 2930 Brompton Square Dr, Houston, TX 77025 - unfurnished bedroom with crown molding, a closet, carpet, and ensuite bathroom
******
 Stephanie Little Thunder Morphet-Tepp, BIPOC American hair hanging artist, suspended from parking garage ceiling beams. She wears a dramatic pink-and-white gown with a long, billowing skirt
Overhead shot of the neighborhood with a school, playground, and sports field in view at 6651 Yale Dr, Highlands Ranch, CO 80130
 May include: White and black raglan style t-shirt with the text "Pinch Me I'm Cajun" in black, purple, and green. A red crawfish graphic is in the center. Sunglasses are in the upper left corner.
******
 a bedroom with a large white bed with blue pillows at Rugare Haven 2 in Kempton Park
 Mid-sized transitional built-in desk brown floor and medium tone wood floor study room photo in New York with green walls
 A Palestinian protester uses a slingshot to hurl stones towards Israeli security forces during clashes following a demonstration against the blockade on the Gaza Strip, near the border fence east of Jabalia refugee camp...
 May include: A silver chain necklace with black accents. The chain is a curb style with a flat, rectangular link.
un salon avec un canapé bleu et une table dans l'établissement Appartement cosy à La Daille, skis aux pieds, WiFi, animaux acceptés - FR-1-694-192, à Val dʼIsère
******
# Task details:
Return all lines of the material that have "black" in them.

# Written solution:
 May include: White and black raglan style t-shirt with the text "Pinch Me I'm Cajun" in black, purple, and green. A red crawfish graphic is in the center. Sunglasses are in the upper left corner.
 May include: A silver chain necklace with black accents. The chain is a curb style with a flat, rectangular link.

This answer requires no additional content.